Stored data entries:
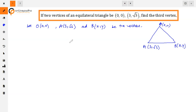Now we have to look at the equilateral triangle properties. In an equilateral triangle, all three sides are equal: OA = AB = OB. So here we have to use the distance formula. The three distances OA, AB, and OB are all equal.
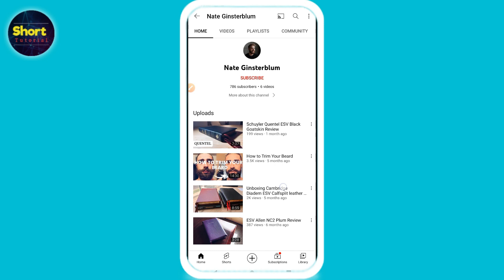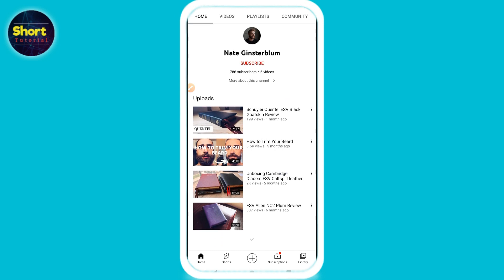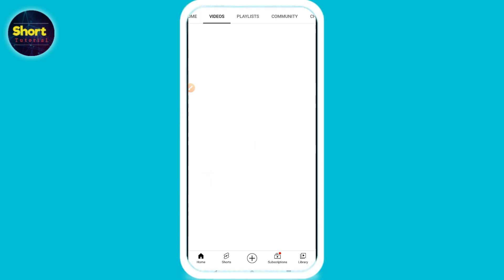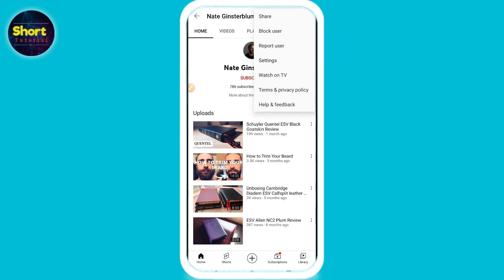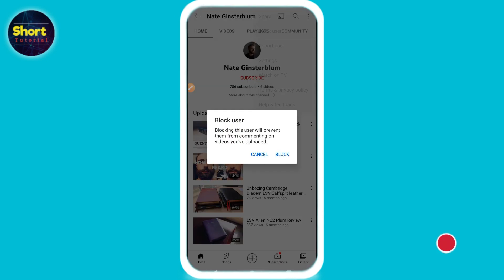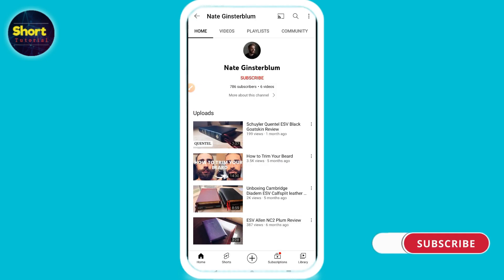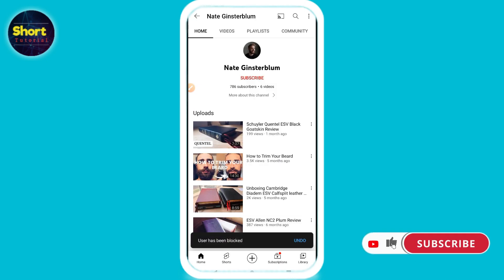Let's suppose I don't want to view the content of this creator, or I just don't like this person. Simply, you have to open their channel. As you can see, on the right top you will see a three-dot icon — here you will see 'Block User'. Click on block. That's the simple way to do it.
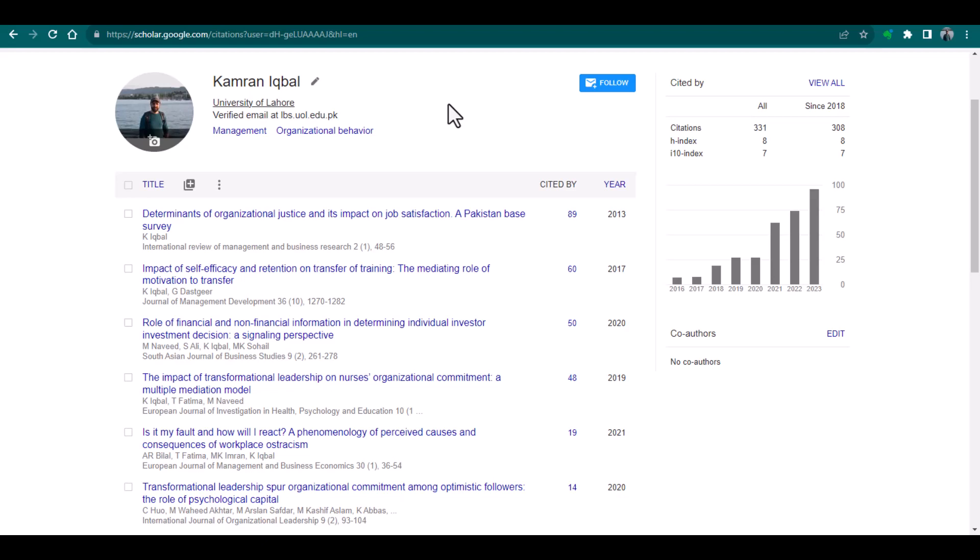Hello everyone, welcome to my channel Research and Analysis. My name is Dr. Kamran. In this video, we will discuss how to create a Google Scholar profile. Whenever you are applying for any research positions, universities might ask you to share your Google Scholar profile along with the CV or the cover letter.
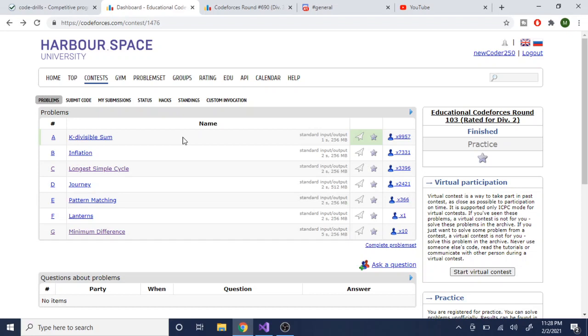So let's say during this educational contest, Code Forces Round, I was only able to solve problem A, right? Now let's say that instead of just solving B and C, I tried to attempt all of them. So I tried to solve B, C, D, E, F, and G.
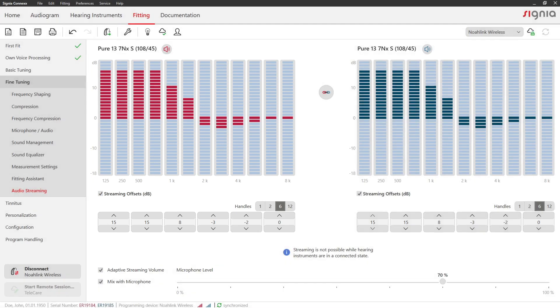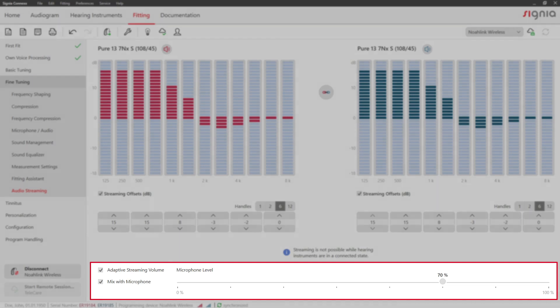In this example, the client will receive more gain in the lower frequencies during streaming and less gain in the higher frequencies. This setting is optimized for listening to music. Adjust streaming settings like the microphone level below.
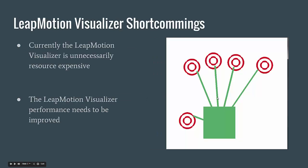The Live Motion Visualizer shortcomings. Currently, the Live Motion Visualizer is unnecessarily resource expensive. It does not run as smoothly as it should, especially on slower computers. This should be a very lightweight application that runs fast and well. The performance of the Live Motion Visualizer needs to be improved.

Task directions
Each line from the first line of the entries through the line containing "Let's suppose I" should be duplicated word for word, and nothing more; the pictures stay out.

Expected output
Now we have to look at the equilateral triangle properties. In an equilateral triangle, all three sides are equal: OA = AB = OB. So here we have to use the distance formula. The three distances OA, AB, and OB are all equal.
Let's suppose I don't want to view the content of this creator, or I just don't like this person. Simply, you have to open their channel. As you can see, on the right top you will see a three-dot icon — here you will see 'Block User'. Click on block. That's the simple way to do it.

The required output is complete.